====== Supplied records ======

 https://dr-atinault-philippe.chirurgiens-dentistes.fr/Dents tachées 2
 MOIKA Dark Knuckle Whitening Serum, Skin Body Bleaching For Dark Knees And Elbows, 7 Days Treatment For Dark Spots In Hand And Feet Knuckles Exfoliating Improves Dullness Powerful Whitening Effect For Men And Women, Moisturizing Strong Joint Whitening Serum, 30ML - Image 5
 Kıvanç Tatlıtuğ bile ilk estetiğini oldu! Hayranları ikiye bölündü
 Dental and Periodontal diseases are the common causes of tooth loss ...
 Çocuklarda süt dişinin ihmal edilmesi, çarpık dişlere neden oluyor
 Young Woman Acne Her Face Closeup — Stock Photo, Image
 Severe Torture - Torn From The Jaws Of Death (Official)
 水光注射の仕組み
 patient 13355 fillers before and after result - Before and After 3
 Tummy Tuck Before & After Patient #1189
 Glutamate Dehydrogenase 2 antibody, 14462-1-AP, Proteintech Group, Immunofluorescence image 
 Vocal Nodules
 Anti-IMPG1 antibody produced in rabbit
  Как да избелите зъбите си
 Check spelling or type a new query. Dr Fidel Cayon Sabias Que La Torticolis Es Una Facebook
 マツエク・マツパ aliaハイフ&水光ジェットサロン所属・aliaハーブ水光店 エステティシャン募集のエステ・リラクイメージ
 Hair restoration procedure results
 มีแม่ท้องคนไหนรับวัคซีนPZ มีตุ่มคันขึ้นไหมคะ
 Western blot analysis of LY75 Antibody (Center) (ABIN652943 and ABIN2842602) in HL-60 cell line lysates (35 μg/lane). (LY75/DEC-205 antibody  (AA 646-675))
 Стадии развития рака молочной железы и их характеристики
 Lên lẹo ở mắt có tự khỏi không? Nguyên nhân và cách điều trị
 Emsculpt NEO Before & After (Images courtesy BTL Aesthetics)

======

Task to complete -
Using the entries, return every line where the word "After" can be found.

Output for this task -
 patient 13355 fillers before and after result - Before and After 3
 Tummy Tuck Before & After Patient #1189
 Emsculpt NEO Before & After (Images courtesy BTL Aesthetics)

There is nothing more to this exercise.